Umstrittenes Projekt der linken Regierung Spanisch soll in Spanien nicht mehr offizielle Schulsprache sein

Die spanische Regierung will die Rolle der Regionalsprachen im Unterricht stärken – und lässt sich bei der Reform von einer katalanischen Partei unterstützen. Die rechte Opposition schäumt.
Spanische und katalanische Flaggen: Ringen um die nationale Identität

Spanische und katalanische Flaggen: Ringen um die nationale Identität

Foto: SUSANA VERA/ REUTERS

In Spanien ist erneut ein Streit über die Stellung des Spanischen im Verhältnis zu den Regionalsprachen ausgebrochen. In dem Entwurf für eine Reform des Bildungsgesetzes wird Spanisch nun nicht mehr wie bisher als "offizielle Sprache" und Verkehrssprache im Bildungswesen bezeichnet, wie mehrere spanische Medien übereinstimmend berichten. Das setzten die Regierungsparteien PSOE und Unidas Podemos gemeinsam mit der katalanischen Regionalpartei ERC im Bildungsausschuss des Parlamentes durch.

Die rechten Oppositionsparteien Partido Popular (PP) und Ciudadanos kündigten an, notfalls bis vor das Verfassungsgericht zu ziehen, um den Vorstoß zu stoppen. Sie sehen die Rolle des Spanischen als Verkehrssprache des Landes gefährdet und warfen der Regierung vor, sich von nationalistischen Regionalparteien abhängig zu machen.

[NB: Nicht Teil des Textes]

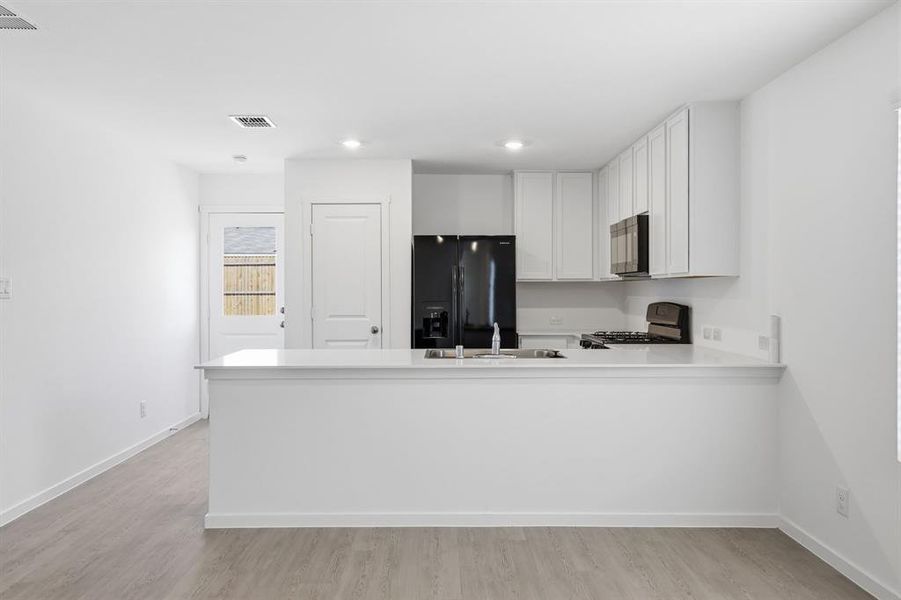Furnished interior view inside a new home in Falcon Heights, Forney (Image 11).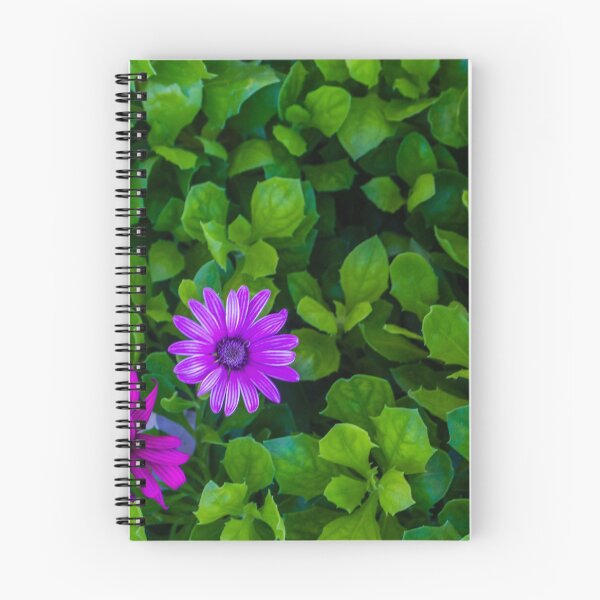 Item preview, Vibrant Purple Flowers Among Lush Green Leaves in a Bright Garden Scene designed and sold by Nmallia.
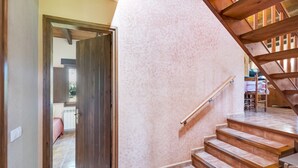 A staircase with wooden steps and a handrail, leading to a room with a door.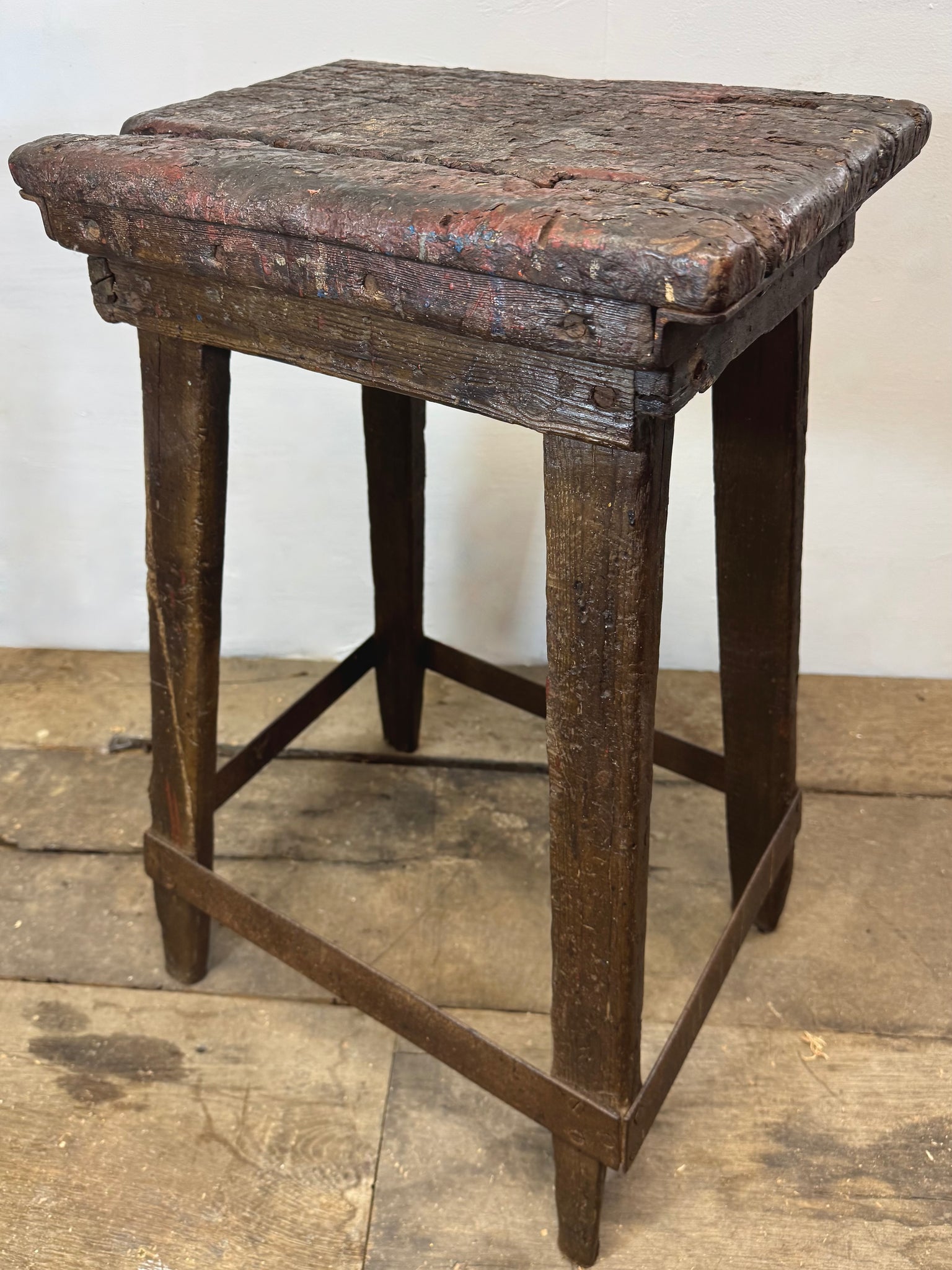 A good example of a primitive 19th century blacksmith's stool from the Cambridgeshire Fens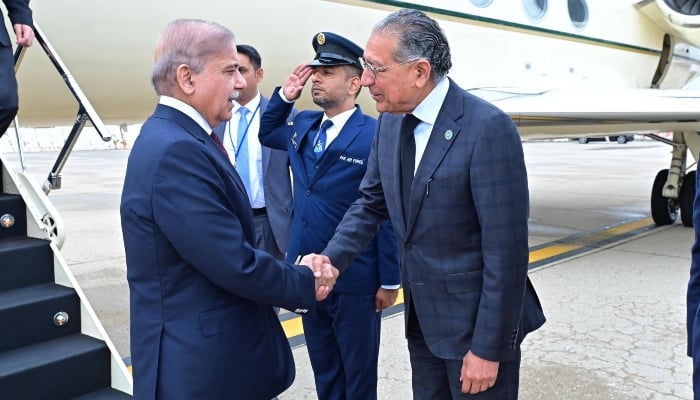 Prime Minister Shehbaz Sharif is greeted by Permanent Representative of Pakistan to the United Nations Munir Akram upon arrival in New York, US, on September 23, 2024. —X/@pmln_org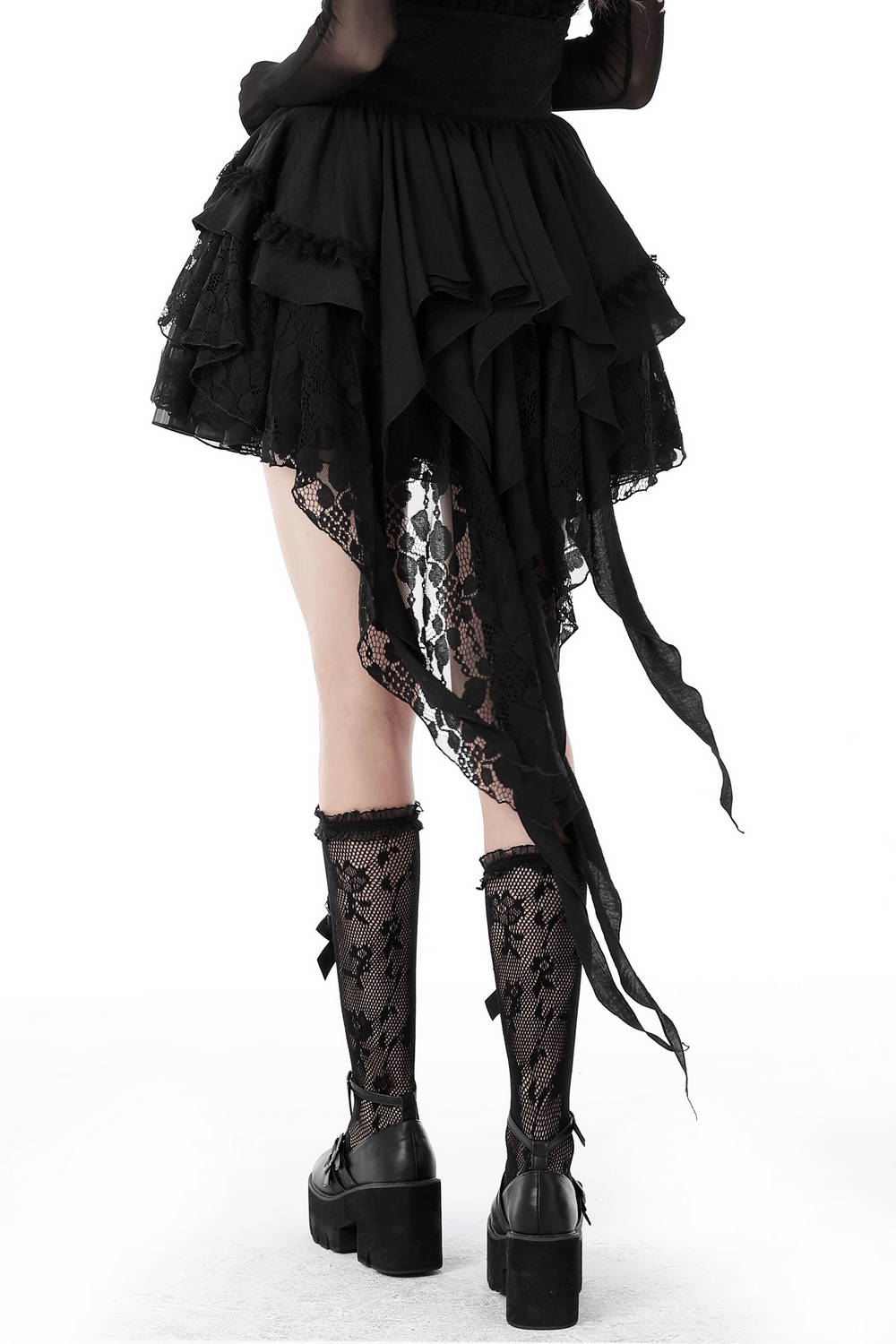Back view of gothic lace mini skirt with edgy corset detail and lace-over-knee socks for alternative fashion.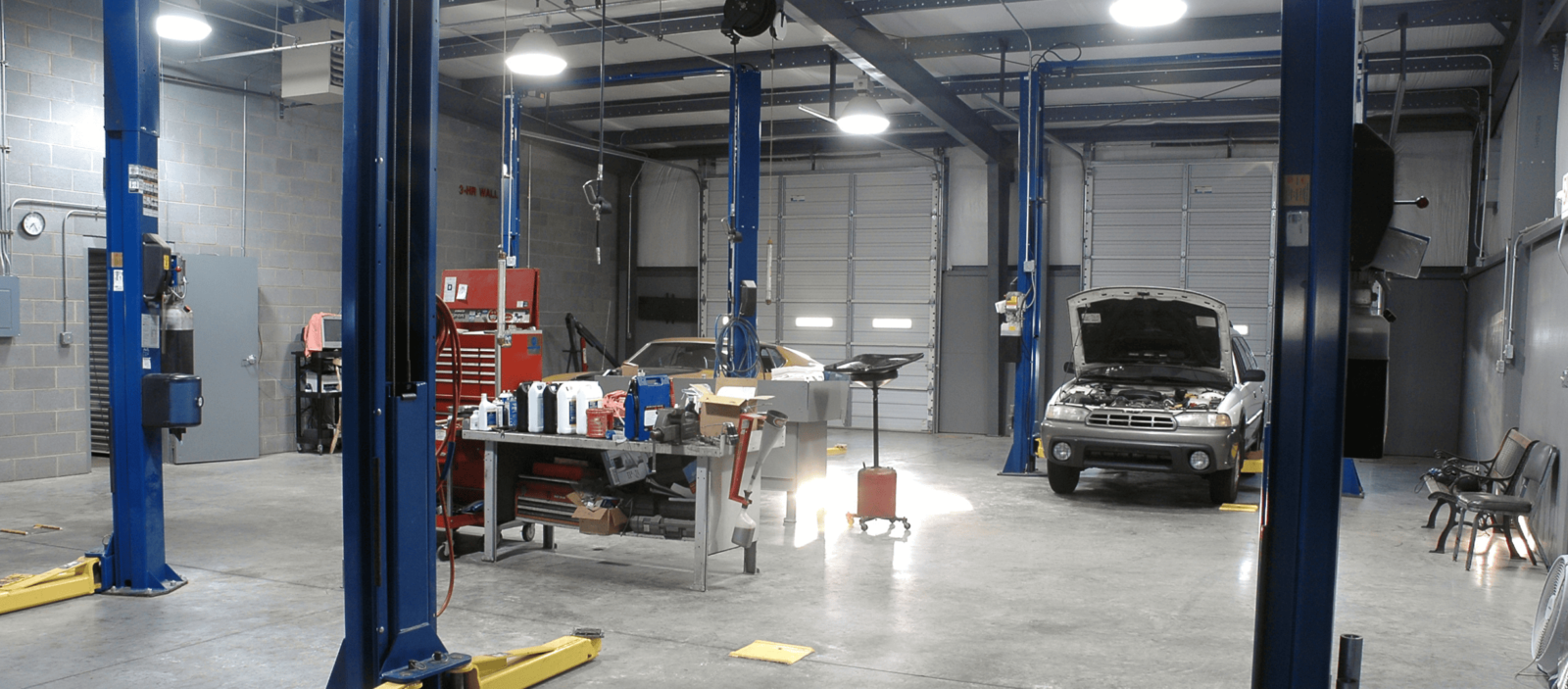 Auto repair shop interior with vehicles, tools, and equipment for vehicle maintenance and repairs.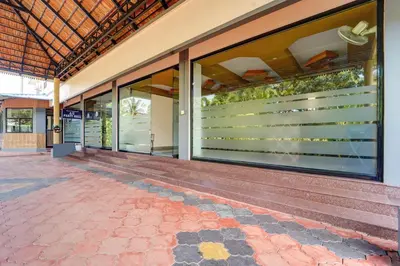 a building with glass windows and a brick walkway at Super Hotel O Thrissur Near Thrissur Medical College in Trichūr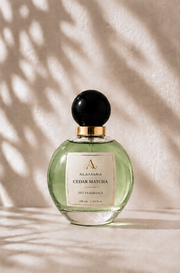 Perfume bottle labeled 'Alamara Cedar Matcha' on a neutral background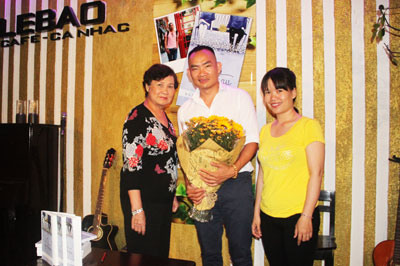 Nguyễn Hữu Tại (giữa) nhận hoa của độc giả trong buổi ra mắt sách ở Nha Trang.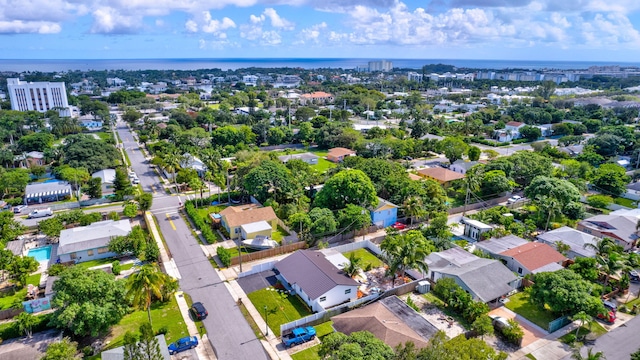 aerial view featuring a water view and a residential view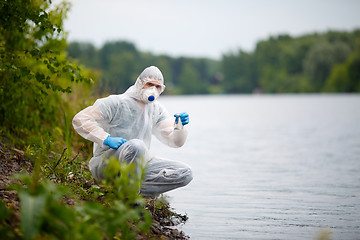 Image showing Chemist in respirator with bulb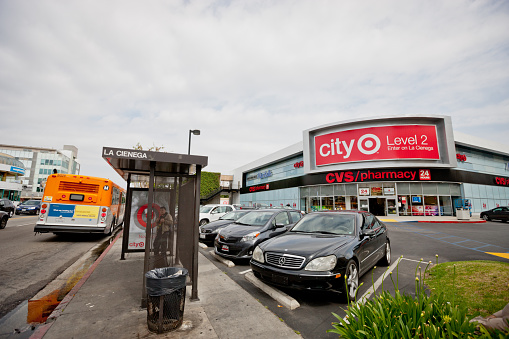 Los Angeles, USA - May 8, 2013: CVS Pharmacy located in  West Hollywood, La Cienega boulevard entrance, USA. Cars parked nearby, Bus Stop Cienega on foreground, man is waiting for bus.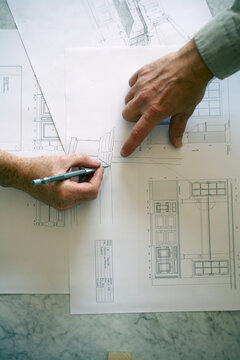 Hands Pointing On A Work Drawing For A New Kitchen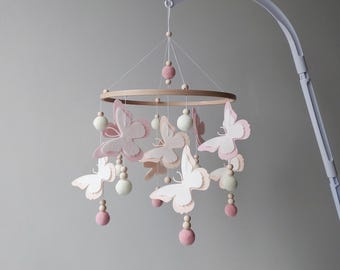 May include: A pink and white felt butterfly mobile with wooden beads and pink pom-poms hanging from a wooden ring.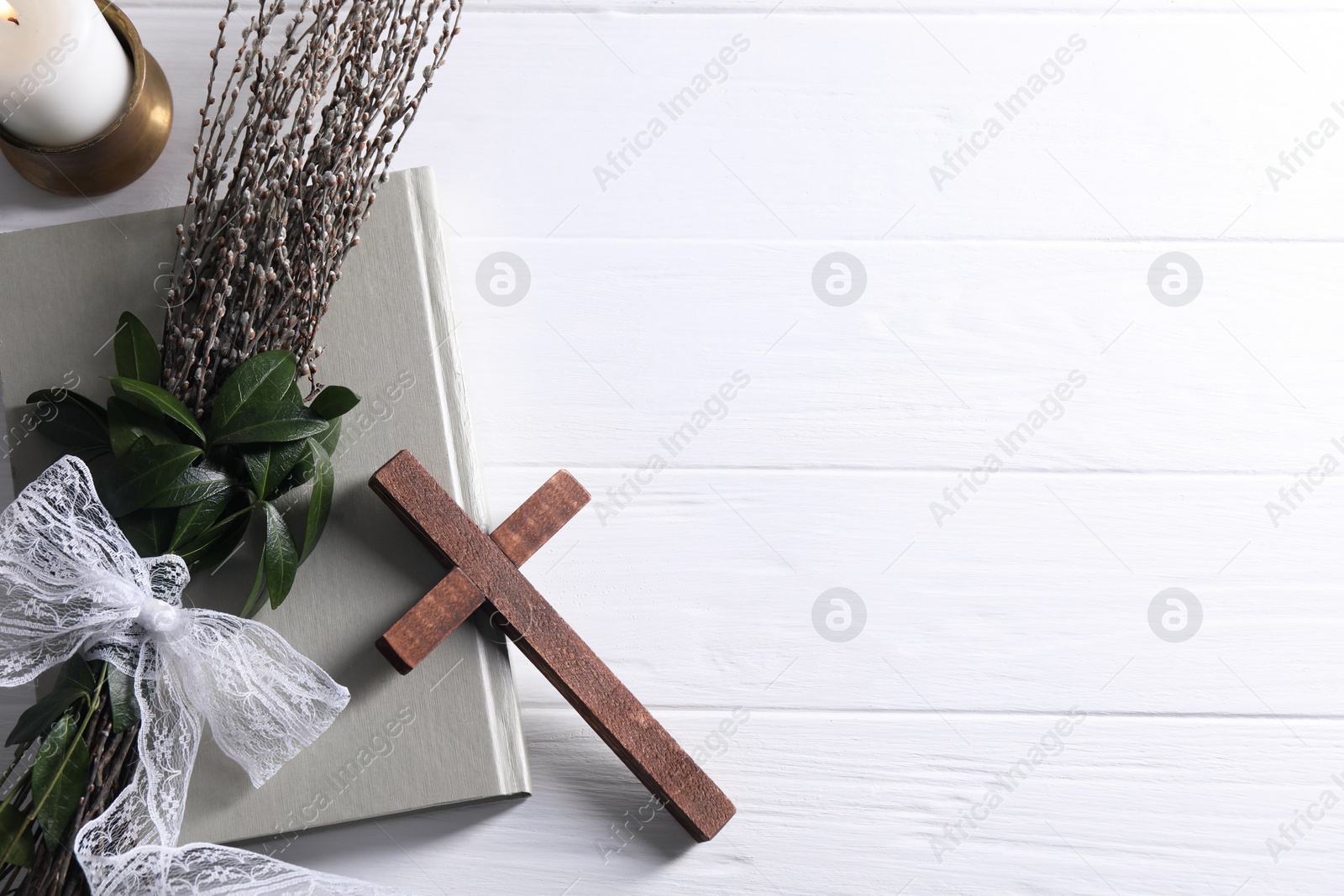 Photo of Burning candle, bouquet with willow branches, book and cross on white wooden table, flat lay. Space for text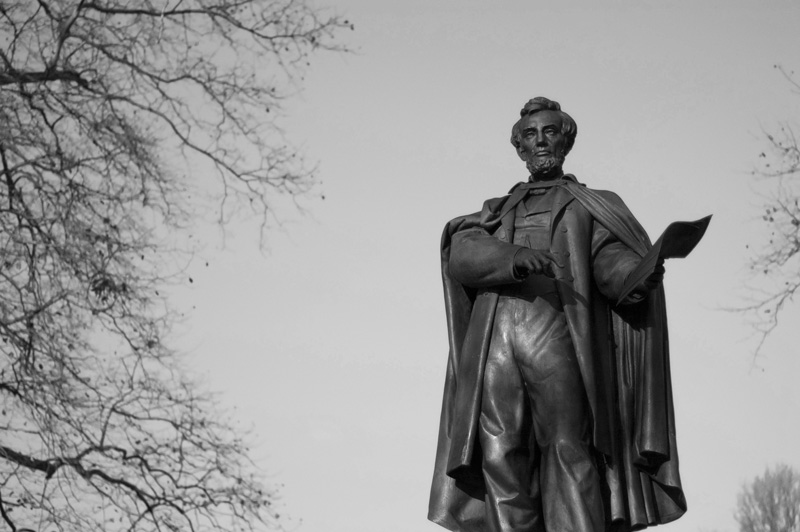 A statue of Abraham Lincoln, cloaked, in a clearing of trees.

Die Minderheitsregierung von Premier Pedro Sánchez ist im Parlament auf die Unterstützung der katalanischen Regionalpartei ERC angewiesen. Die ERC kämpft seit Jahren für eine Stärkung der katalanischen Sprache in den Schulen der Regionen. Sánchez setze die Zukunft der Kinder aufs Spiel, um an der Macht zu bleiben, schrieb Oppositionsführer Pablo Casado  (PP) auf Twitter.

Bildungsministerin Isabel Celaá begründete die angestrebte Gleichstellung des Spanischen mit Regionalsprachen wie etwa dem Katalanischen und dem Baskischen mit dem Recht der Schüler, beide Sprachen möglichst gut zu sprechen. Laut Entwurf müssen Schulen künftig nur noch garantieren, dass beide Sprachen beherrscht werden. Vorher waren sowohl das Spanische, als "offizielle Sprache", als auch die jeweilige Regionalsprache dezidiert geschützt.

Ringen um die nationale Identität

Bei dem Streit geht es indirekt auch um die nationale Identität des Landes. Dazu schwelt seit Jahrzehnten ein Konflikt. Vor allem Konservative sehen Spanien als zentralistisches Land mit Spanisch als Hauptsprache. Linke und regionale Minderheiten betrachten es als einen Verbund von Regionen mit unterschiedlichen Kulturen und Sprachen. Zusätzlich angeheizt wird der Streit durch separatistische Bestrebungen in Katalonien.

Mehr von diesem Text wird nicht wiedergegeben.